Martin König und Bernd Rath bestätigen das in einem Gespräch mit unserer Zeitung. Weil sich vor dem Verwaltungsgebäude „ein Brennpunkt“ entwickelt habe, sei die Kamera wegen „massiver Vandalismusschäden“ kurzzeitig zum Jahreswechsel 2009/2010 installiert worden, erklärt Bernd Rath. Beispielsweise seien von den Tätern der Briefkasten aufgehebelt und die darin befindliche Post verbrannt worden.

Kameralinse inzwischen abmontiert

Die Aufnahmen hätten schließlich zum Erfolg geführt. Es sei seinerzeit gelungen, einen Hauptverdächtigen, „der direkt in den Schaukasten geschaut hat“, zu identifizieren. Der habe unter dem Druck der detaillierten Bilder gestanden und später unter anderem ein Hausverbot erhalten. Danach sei die Kamera sofort deinstalliert worden, denn „das Thema war erledigt, der Zweck war erfüllt“, sagt Rath. Die Aufnahmen seien alle gelöscht worden, es sei ohnehin immer nur ein bestimmter Zeitraum aufgezeichnet und danach wieder mit neuen Aufnahmen überspielt worden.

Doch, so gibt Bernd Rath zu, sei die Linse beim Abbau schlichtweg im Schaukasten übersehen worden. Die zurückgelassene Kameraoptik habe noch nicht einmal den Zweck der Abschreckung erfüllen sollen, beteuert der Hauptamtsleiter.

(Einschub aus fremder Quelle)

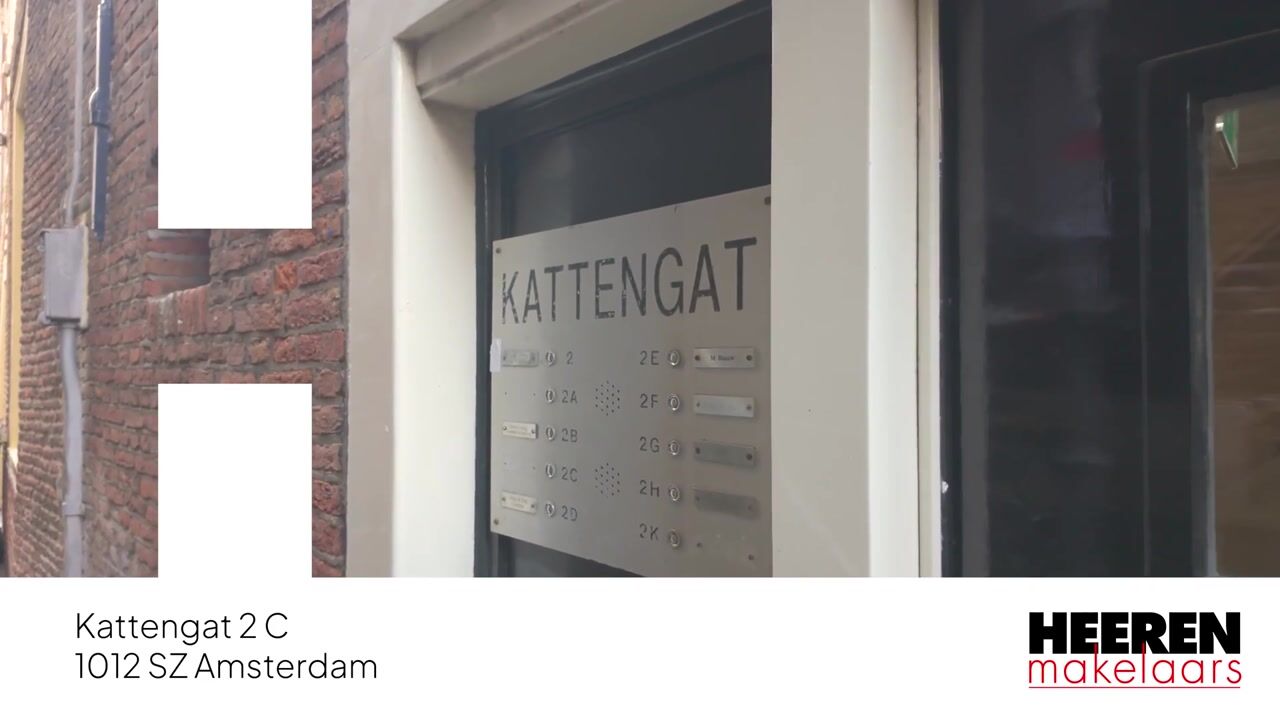 Video van Kattengat 2-C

Sie sei dank des Anrufs von Ulrich Knödler jetzt abmontiert worden, „um nicht mal einen Anscheinsverdacht zu erwecken“. Der Bürgermeister Martin König verteidigt die Nutzung der Kamera, um den Tätern auf die Spur zu kommen. Er gehe davon aus, dass der Einsatz dieses Mittels den Datenschutz nicht verletzt habe.

Bedenken wegen Datenschutzes

Jörg Klingbeil, der baden-württembergische Landesbeauftragte für Datenschutz, sieht das etwas differenzierter. Zwar sei es unter „gewissen Voraussetzungen“ zulässig, öffentliche Gebäude zu überwachen. Ob die Bedingungen in Baltmannsweiler erfüllt waren, könne er nicht beurteilen. Doch die Kommune habe es – wie von Bernd Rath bestätigt – versäumt, auf den Kameraeinsatz hinzuweisen. Ein Schild mit dem Aufdruck „Dieser Bereich ist videoüberwacht“ müsse die Maßnahme kenntlich machen, betonte Klingbeil. Denn grundsätzlich habe „jeder Mensch das Recht, sich in der Öffentlichkeit zu bewegen, ohne dass sein Verhalten permanent mit Hilfe von Kameras beobachtet oder aufgezeichnet wird“, heißt es in den Richtlinien zur Videoüberwachung durch öffentliche Stellen. Es müsse demnach gewährleistet sein, „sich einer Überwachung entziehen zu können“, erklärt Jörg Klingbeil. Doch das sei eben nur möglich, wenn man etwas davon wisse.